I’ve resisted using the term “data science,” and enjoy poking fun at it now and then, but I’ve decided it’s not such a bad label after all.
Here are some of the pros and cons of the term. (Listing “cons” first seems backward, but I’m currently leaning toward the pro side, so I thought I should conclude with it.)
The term “data scientist” is sometimes used to imply more novelty than is there. There’s not a great deal of difference between data science and statistics, though the new term is more fashionable. (Someone quipped that data science is statistics on a Mac.)
Similarly, the term data scientist is sometimes used as an excuse for ignorance, as in “I don’t understand probability and all that stuff, but I don’t need to because I’m a data scientist, not a statistician.”

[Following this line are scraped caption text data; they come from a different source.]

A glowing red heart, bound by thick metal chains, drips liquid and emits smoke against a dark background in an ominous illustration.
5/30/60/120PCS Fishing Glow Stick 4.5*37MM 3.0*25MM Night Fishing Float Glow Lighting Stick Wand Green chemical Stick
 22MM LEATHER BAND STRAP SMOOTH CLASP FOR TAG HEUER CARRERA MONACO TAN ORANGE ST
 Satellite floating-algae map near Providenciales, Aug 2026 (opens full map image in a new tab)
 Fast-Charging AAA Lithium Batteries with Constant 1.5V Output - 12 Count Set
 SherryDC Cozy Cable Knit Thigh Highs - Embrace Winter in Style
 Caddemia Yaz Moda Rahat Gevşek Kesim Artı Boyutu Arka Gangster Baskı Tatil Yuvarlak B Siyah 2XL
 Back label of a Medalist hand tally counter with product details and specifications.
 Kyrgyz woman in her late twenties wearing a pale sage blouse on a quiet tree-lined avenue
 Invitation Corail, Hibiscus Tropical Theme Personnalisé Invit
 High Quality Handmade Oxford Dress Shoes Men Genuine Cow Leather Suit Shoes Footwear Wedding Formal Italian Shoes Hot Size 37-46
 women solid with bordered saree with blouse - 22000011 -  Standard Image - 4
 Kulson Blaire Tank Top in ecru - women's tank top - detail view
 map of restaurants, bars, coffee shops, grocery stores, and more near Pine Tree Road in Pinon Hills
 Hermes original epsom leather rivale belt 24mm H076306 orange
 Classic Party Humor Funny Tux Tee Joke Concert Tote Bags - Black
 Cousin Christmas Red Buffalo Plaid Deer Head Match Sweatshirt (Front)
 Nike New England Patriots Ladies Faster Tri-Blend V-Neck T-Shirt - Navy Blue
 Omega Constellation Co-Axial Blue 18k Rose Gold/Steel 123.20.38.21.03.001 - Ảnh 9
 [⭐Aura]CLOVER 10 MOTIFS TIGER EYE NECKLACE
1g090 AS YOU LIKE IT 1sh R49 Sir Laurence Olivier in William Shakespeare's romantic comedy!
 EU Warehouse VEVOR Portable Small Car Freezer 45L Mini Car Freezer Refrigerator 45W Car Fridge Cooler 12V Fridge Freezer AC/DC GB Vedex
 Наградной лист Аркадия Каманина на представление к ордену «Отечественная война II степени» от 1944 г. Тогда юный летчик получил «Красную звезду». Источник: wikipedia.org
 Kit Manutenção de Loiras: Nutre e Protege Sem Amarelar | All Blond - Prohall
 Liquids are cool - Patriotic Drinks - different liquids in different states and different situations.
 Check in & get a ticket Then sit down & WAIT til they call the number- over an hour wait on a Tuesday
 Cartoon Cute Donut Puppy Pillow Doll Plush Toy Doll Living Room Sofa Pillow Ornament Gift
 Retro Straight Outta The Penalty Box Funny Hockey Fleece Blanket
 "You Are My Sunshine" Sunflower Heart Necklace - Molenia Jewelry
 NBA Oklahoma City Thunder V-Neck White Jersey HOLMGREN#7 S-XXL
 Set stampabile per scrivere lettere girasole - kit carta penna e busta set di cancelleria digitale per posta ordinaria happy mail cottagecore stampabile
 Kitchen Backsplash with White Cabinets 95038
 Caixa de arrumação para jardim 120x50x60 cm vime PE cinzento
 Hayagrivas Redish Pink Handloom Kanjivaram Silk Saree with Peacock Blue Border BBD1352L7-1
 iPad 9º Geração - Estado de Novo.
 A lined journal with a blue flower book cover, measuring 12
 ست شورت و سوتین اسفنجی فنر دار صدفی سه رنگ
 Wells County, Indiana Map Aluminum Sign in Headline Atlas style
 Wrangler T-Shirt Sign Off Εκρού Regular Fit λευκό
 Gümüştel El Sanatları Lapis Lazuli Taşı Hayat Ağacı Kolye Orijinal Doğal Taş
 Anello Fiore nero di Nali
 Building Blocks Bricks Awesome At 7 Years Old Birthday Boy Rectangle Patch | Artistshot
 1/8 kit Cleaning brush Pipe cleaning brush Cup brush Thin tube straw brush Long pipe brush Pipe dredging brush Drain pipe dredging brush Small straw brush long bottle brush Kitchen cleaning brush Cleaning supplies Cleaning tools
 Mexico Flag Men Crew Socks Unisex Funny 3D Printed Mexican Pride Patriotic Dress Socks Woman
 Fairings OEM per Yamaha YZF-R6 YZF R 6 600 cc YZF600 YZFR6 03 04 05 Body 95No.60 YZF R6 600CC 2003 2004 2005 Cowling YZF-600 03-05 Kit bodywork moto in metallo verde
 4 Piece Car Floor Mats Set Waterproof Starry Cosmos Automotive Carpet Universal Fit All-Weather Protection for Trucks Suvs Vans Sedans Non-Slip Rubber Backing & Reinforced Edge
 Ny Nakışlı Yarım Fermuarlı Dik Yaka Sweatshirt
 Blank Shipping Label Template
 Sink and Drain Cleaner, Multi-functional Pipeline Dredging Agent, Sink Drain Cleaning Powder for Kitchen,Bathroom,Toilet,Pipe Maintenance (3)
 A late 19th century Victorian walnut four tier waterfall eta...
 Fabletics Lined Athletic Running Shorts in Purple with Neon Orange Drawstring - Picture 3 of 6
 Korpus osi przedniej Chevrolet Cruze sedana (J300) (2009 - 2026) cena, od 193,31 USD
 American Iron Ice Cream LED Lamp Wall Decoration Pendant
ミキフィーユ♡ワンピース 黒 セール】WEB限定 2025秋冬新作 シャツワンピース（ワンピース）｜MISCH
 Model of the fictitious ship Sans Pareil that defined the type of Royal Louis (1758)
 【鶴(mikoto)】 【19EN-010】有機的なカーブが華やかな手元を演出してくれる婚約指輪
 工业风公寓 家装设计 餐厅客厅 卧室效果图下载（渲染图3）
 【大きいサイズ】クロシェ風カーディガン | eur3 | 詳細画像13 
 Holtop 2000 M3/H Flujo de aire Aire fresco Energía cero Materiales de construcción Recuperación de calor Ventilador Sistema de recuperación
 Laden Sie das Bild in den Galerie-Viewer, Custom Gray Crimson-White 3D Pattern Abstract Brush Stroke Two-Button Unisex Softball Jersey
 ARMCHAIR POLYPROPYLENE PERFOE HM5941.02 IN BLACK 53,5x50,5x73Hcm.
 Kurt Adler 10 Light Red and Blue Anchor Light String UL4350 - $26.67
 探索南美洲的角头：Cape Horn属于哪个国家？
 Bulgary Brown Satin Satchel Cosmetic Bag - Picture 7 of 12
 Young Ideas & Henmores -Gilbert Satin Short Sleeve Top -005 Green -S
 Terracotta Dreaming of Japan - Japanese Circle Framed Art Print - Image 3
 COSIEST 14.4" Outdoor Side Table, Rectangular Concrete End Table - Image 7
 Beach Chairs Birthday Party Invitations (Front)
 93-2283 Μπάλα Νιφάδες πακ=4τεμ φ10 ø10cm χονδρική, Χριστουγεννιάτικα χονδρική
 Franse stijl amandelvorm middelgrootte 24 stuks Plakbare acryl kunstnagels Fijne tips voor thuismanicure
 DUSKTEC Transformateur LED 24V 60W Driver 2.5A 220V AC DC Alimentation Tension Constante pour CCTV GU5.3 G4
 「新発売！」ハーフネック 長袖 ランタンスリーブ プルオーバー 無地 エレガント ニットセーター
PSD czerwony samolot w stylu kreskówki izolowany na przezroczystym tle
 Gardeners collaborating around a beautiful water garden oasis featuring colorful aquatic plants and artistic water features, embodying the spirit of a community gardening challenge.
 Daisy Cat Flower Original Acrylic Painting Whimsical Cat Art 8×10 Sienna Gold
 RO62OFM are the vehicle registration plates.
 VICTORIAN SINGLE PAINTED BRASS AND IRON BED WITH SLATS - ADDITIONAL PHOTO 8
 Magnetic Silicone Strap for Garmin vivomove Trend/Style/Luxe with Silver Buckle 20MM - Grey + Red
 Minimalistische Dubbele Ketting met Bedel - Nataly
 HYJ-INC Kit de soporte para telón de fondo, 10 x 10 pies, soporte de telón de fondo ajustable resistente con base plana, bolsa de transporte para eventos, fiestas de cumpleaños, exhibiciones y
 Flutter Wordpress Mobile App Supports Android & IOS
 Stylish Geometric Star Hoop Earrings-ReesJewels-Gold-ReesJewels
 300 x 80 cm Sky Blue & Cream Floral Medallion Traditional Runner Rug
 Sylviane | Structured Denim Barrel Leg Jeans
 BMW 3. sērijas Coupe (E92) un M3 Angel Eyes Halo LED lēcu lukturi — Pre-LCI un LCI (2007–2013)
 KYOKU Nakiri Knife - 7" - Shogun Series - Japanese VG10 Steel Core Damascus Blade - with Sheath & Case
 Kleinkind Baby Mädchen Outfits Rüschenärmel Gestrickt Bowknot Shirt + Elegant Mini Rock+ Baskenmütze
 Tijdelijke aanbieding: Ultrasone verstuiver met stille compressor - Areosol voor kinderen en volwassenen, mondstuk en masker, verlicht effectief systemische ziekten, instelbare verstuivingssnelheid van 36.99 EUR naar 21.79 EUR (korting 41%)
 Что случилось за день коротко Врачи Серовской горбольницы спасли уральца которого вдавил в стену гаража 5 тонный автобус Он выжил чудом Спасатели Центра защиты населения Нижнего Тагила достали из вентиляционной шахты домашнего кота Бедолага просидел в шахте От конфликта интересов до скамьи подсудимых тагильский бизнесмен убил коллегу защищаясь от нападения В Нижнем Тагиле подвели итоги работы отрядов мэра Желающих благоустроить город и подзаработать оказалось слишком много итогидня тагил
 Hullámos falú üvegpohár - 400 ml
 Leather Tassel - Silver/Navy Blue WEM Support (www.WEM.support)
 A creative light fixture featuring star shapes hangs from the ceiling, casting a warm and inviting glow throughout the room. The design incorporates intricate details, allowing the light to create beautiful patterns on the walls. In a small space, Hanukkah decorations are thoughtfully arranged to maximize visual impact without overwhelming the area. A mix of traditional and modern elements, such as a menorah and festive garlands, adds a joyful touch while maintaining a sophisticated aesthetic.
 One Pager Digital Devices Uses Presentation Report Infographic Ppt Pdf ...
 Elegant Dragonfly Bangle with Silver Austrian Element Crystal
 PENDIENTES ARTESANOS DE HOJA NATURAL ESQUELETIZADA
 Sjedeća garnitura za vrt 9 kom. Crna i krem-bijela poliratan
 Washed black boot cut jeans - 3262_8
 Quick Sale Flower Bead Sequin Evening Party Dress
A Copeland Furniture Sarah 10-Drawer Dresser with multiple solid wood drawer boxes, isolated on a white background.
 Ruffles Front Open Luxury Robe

The big deal about data science isn’t data but the science of drawing inferences from the data. Inference science would be a better term, in my opinion, but that term hasn’t taken off.
Data science could be a useful umbrella term for statistics, machine learning, decision theory, etc. Also, the title data scientist is rightfully associated with people who have better computational skills than statisticians typically have.
While the term data science isn’t perfect, there’s little to recommend the term statistics other than that it is well established. The root of statistics is state, as in a government. This is because statistics was first applied to the concerns of bureaucracies. The term statistics would be equivalent to governmentistics, a historically accurate but otherwise useless term.